■ YOUR INSTRUCTIONS
Among the entries below, please repeat exactly and only the lines from the line containing "IK Multimedia iLoud" to the line containing "practice match bumrah", both lines included.

■ DATA TO PROCESS
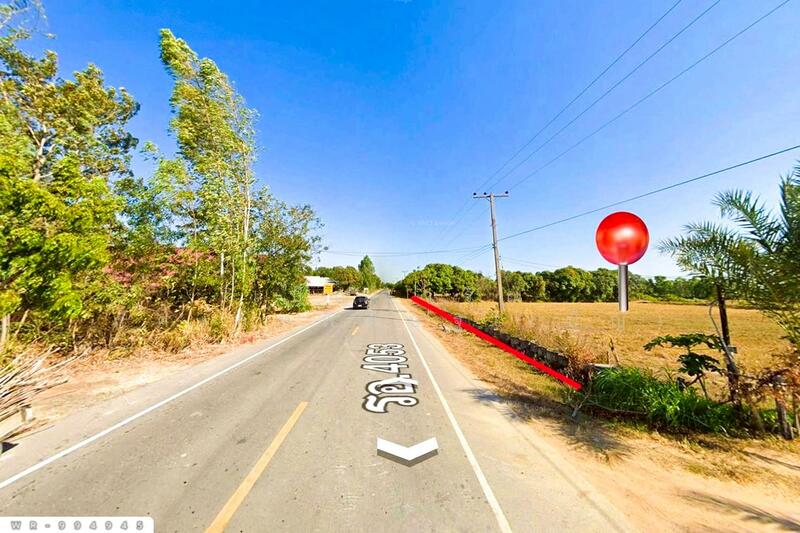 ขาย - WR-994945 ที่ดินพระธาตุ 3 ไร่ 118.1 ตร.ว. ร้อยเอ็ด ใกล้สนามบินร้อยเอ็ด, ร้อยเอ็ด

...

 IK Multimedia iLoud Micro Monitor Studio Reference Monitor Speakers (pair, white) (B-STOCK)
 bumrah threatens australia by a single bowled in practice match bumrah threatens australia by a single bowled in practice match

■ YOUR RESPONSE
 IK Multimedia iLoud Micro Monitor Studio Reference Monitor Speakers (pair, white) (B-STOCK)
 bumrah threatens australia by a single bowled in practice match bumrah threatens australia by a single bowled in practice match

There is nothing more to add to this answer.